Best Friends Animal Society recently launched Shelter Partners for Pit Bulls, a project designed to encourage responsible pet ownership, increase adoptions, reduce euthanasia and improve the public's perception of pt bull terriers and similar dogs. Thanks to the myths, many of them perpetuated by the mainstream media, that surround these wonderful dogs, pit bull terriers, once America's most beloved family dogs, have become vilified in recent years. the sad result is that many of these dogs end up in shelters and often don't find their way out again.
Some communities have banished pit bull terriers altogether by enacting unfair breed discriminatory laws. Shelter Partners for Pit bulls is trying to change all that.
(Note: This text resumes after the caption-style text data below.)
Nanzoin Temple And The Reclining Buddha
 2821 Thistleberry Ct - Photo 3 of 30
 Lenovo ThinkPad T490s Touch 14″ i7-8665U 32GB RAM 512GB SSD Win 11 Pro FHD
The Shelter Partners for Pit Bulls project is made possible through a $240,000 grant from PetSmart Charities. Along with additional support from Best Friends, the funds support pilot programs in five shelters across the country. They are: Rancho Cucamonga Animal Care and Adoption Center in Cucamonga, California; Baltimore Animal Rescue and Care Shelter in Baltimore, Maryland; Washington Humane Society in Washington, D.C.; Hillsborough County Animal Services in Tampa, Florida; and the County of San Diego Animal Services in Carlsbad, California. Best Friends has hired local coordinators for all five shelters to oversee the programs in their communities, which will include kennel enrichment for shelter dogs, community education and training programs, creation or support of foster and transition home programs, adoption and other outreach events, targeted spay/neuter efforts, post-adoption support and educational opportunities for shelter staff.
The Shelter Partners for Pit Bulls program is modeled after a very successful partnership between Best Friends and Salt Lake County Animal Services that began back in July 2009. The save rate for pit bull type dogs climbed from 57 to 71 percent in the program's first year, and the number of dogs adopted doubled from the previous year. Shelter Partners for Pit Bulls hopes to duplicate that success in the five pilot communities and eventually bring about a time when there are no more homeless pets.